WHAT YOU HAVE TO DO: When copying the listing below, skip every picture and keep each word as it stands.

MATERIALS PROVIDED:

"""

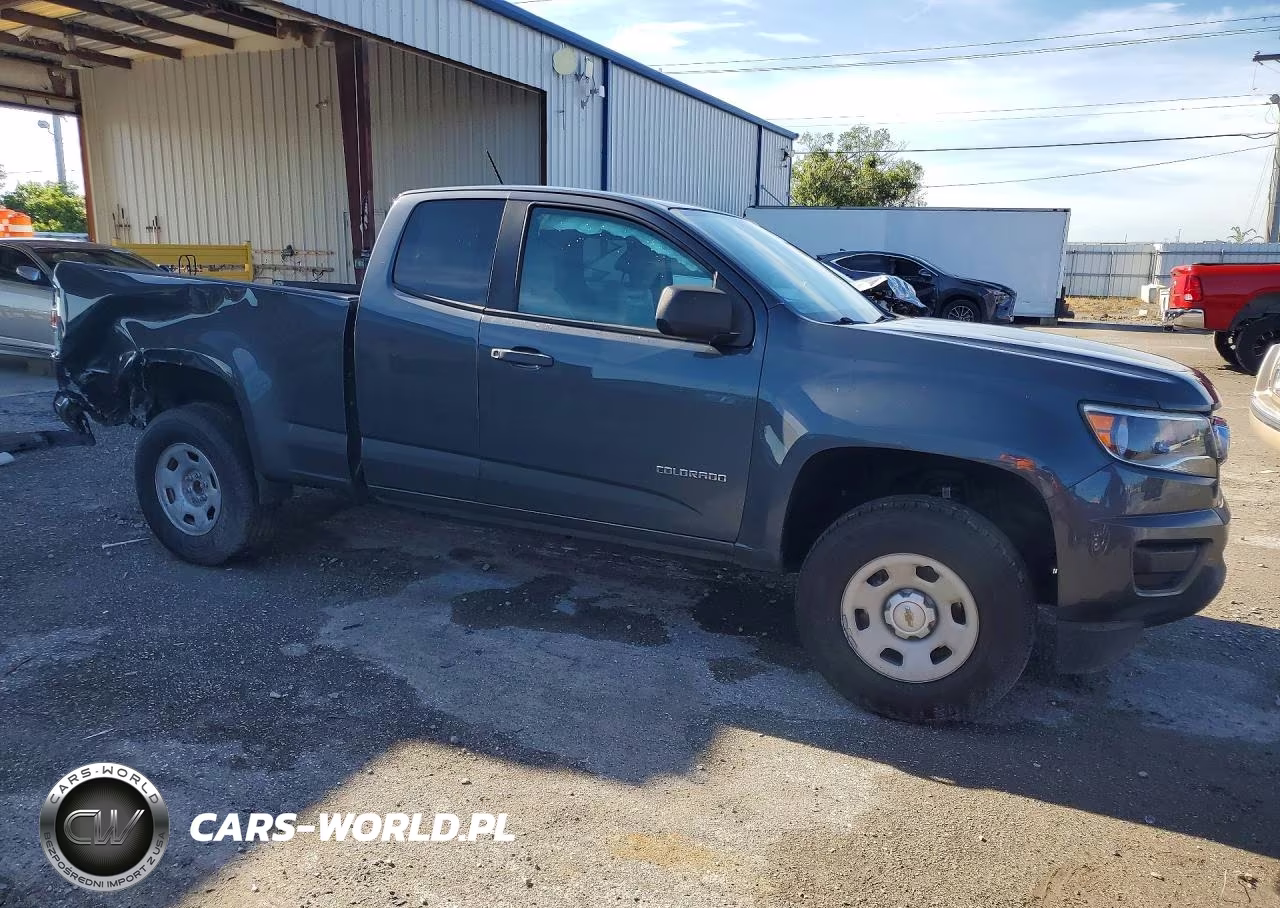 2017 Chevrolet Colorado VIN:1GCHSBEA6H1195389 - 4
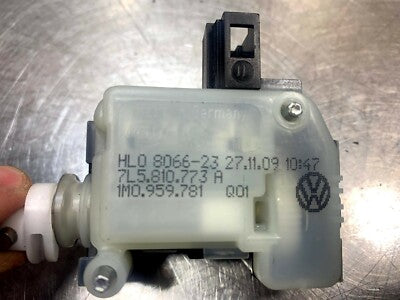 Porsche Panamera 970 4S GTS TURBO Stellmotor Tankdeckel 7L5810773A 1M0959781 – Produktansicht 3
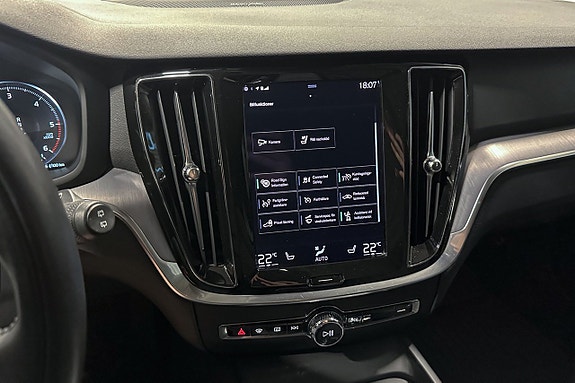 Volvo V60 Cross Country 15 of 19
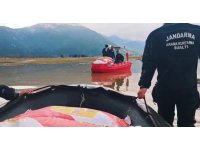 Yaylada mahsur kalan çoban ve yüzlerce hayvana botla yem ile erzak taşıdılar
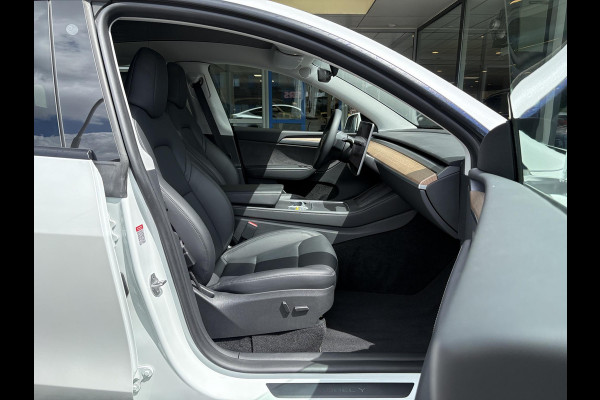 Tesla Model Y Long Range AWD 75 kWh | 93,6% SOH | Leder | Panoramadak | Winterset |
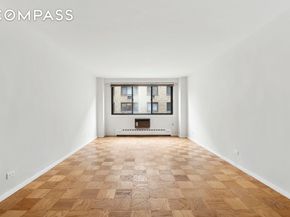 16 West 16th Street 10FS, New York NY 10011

"""

EXERCISE SOLUTION:
 2017 Chevrolet Colorado VIN:1GCHSBEA6H1195389 - 4
 Porsche Panamera 970 4S GTS TURBO Stellmotor Tankdeckel 7L5810773A 1M0959781 – Produktansicht 3
 Volvo V60 Cross Country 15 of 19
 Yaylada mahsur kalan çoban ve yüzlerce hayvana botla yem ile erzak taşıdılar
 Tesla Model Y Long Range AWD 75 kWh | 93,6% SOH | Leder | Panoramadak | Winterset |
 16 West 16th Street 10FS, New York NY 10011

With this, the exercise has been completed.